*Exercise prompt*: Copy each line below as written, but skip the pictures.

*Entries shown*:
=== Begin Enclosure ===
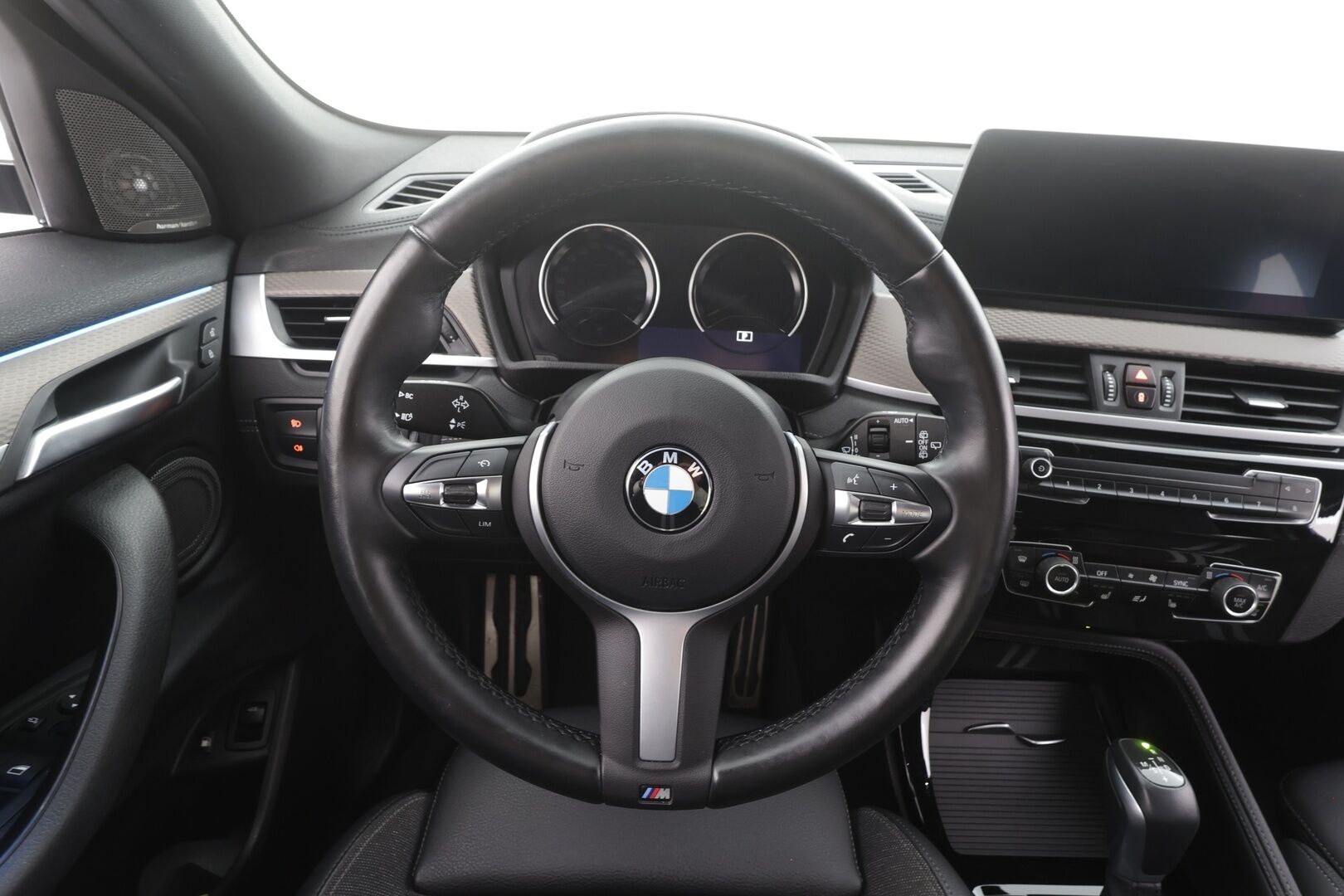BMW X2 2022 F39 xDrive 25e A Charged Edition M sport - | H&K | Muistipenkki | Vakkari | P.Kamera | HUD | Kaistavahti | Ratinlämmitin | Comfort Access | Sähköluukku | Puolinahat | LED | Navi | Suomi-auto | Kahdet renkaat aluvanteilla | Huippuvarusteet |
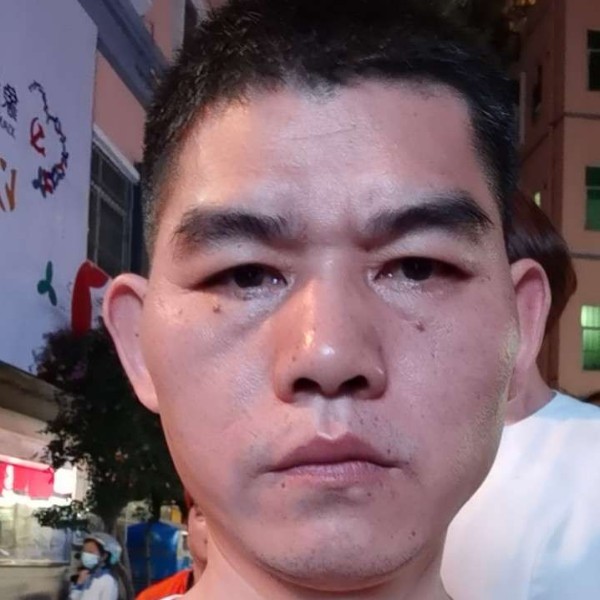 迅速给水蜜桃的照片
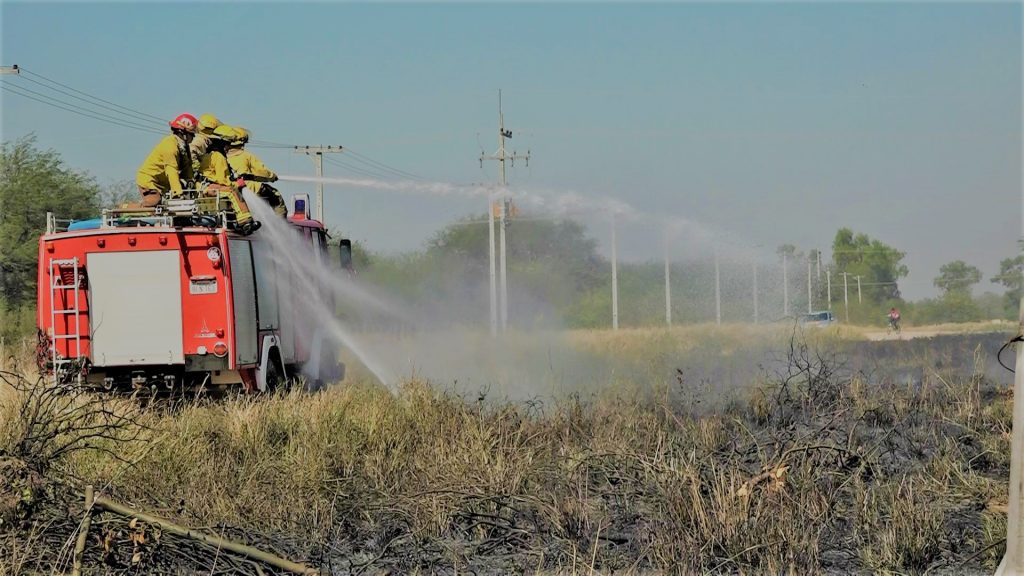 Entre humos y fuego, bomberos de Filadelfia «celebran» su día
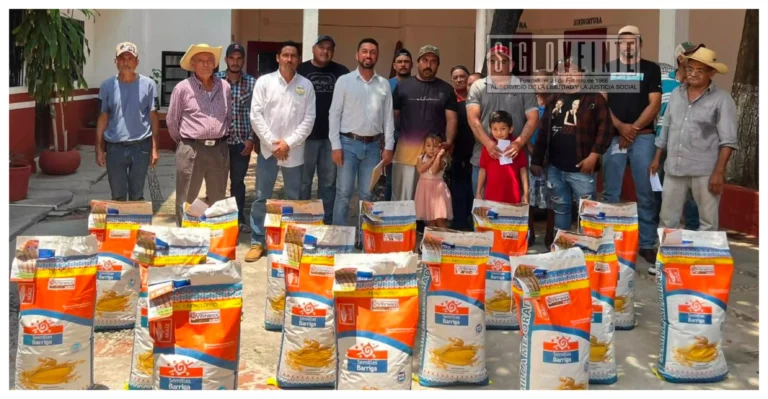 Hever Tentory impulsa apoyo al campo con entrega de semilla subsidiada en Carácuaro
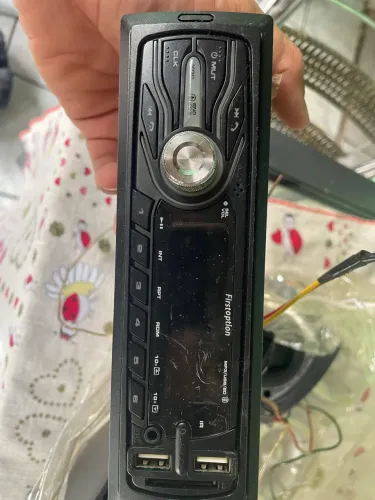 Aparelho de som automotivo
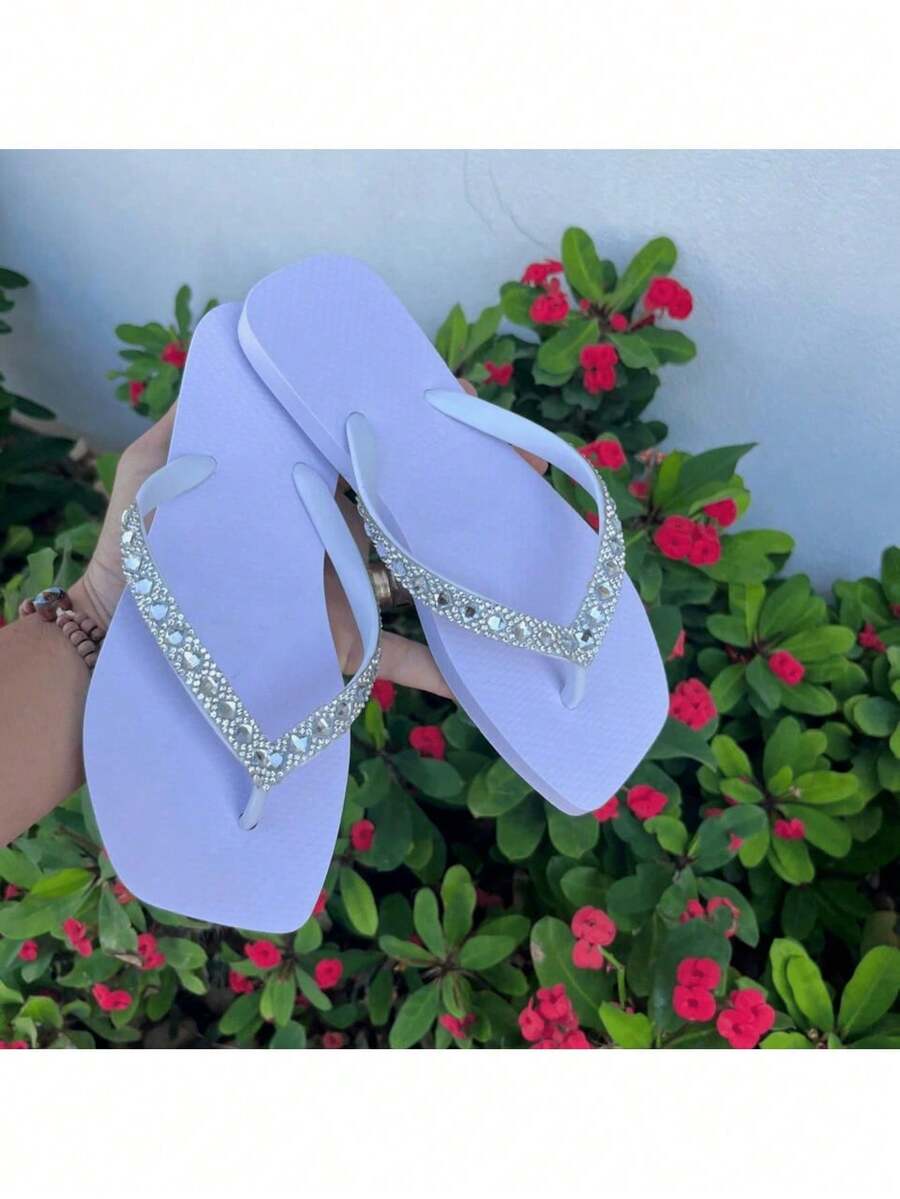 Havaianas Women's Flat Flip Flops With Rhinestone Detail - Perfect For Summer - trắng - Xem 1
=== End Enclosure ===
*Answer to this problem*:
BMW X2 2022 F39 xDrive 25e A Charged Edition M sport - | H&K | Muistipenkki | Vakkari | P.Kamera | HUD | Kaistavahti | Ratinlämmitin | Comfort Access | Sähköluukku | Puolinahat | LED | Navi | Suomi-auto | Kahdet renkaat aluvanteilla | Huippuvarusteet |
 迅速给水蜜桃的照片
 Entre humos y fuego, bomberos de Filadelfia «celebran» su día
 Hever Tentory impulsa apoyo al campo con entrega de semilla subsidiada en Carácuaro
 Aparelho de som automotivo
 Havaianas Women's Flat Flip Flops With Rhinestone Detail - Perfect For Summer - trắng - Xem 1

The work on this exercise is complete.